This Friday’s Fireside Lecture will be “Mary Joyce: An Extraordinary Alaskan Woman,” led by Mary Lou Gerbi. The lecture will be presented twice, at 6:30 p.m. and 8 p.m. at the Mendenhall Glacier Visitor Center and is free.
Mary Joyce was a pioneer Southeast Alaska entrepreneur and adventurer. During the 1930s she owned and operated a remote wilderness lodge, became the first woman radio operator in the Territory of Alaska, made a thousand-mile sled-dog trip from Juneau to Fairbanks, and served as a hunting guide, bush pilot, flight attendant, nurse and candidate for Alaska Territorial Representative. She inspired news and magazine articles, poems, plays, books, movies, art, and songs, and last year was inducted into the Alaska Women’s Hall of Fame. Her award was accepted by Gerbi, who gave a version of this presentation at that time.
Joyce was born in Baraboo, Wisc. Graduating from Mercy Nursing School in Chicago, she moved to Hollywood in 1928 and to Alaska in 1929. Except for a short stay in Wisconsin in the 1940s, Joyce lived in the Juneau area until her death in 1976.
She arrived in Alaska after being hired as a private nurse for Leigh Hackley “Hack” Smith, a decorated French Foreign Legion veteran who suffered from morphine and alcohol addiction from injuries in World War I. Soon after their arrival, Hack purchased the Taku River hunting and fishing camp 40 miles northeast of Juneau, accessible only by floatplane or boat. Hack and Joyce added buildings, guided hunters, and raised Taku husky sled dogs until 1934 when Hack died on a Wrangell hunting trip. He was 38. His mother bought the property — 14 buildings, 15 sled dogs, and three head of cattle — and deeded it to Joyce, who renamed it the Taku Lodge. That winter Joyce operated a radio station at the lodge for Pacific Alaska Airways’ twice-weekly run from Juneau to Fairbanks. Joyce became the first female radio operator in Alaska.
In December 1935 Joyce embarked with five sled dogs on an overland trek across mostly unmapped territory to represent Juneau at the Fairbanks Winter Carnival. Later, because of her knowledge of the remote country, Joyce hauled radio equipment by dog team for the Navy as they built defenses during World War II, became a consultant for construction of the Alaska Canada Highway, taught Defense Department survival skills to troops, and helped develop a new air route from New York to Fairbanks.
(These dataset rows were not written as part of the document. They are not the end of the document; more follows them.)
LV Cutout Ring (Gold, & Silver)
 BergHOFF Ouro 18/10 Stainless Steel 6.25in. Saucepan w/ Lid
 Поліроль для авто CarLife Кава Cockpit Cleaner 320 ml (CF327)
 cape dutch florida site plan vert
One of the first female pilots in Juneau, and a certified nurse, she spent two years as a flight attendant for Pacific Alaska Airways, a subsidiary of Pan American Airways, traveling Alaska-Seattle-Montana routes.
Explorer Norman Dawn chose Joyce to co-star as Taku Mary in a film, “Orphans of the North” (1940), shot in the Taku River region. Another film, “The Flying Saucer” (1950), is loosely based on the lives of Joyce and Hack Smith.
Later, Joyce sold her lodge and moved to Juneau where she worked as a nurse at St. Ann’s Hospital and later purchased the Top Hat and Lucky Lady saloons. She led the 1950 statehood parade in Juneau and cut the ribbon for the reopening of the 1,000-mile Iditarod trail in 1973.
She is buried at Evergreen Cemetery.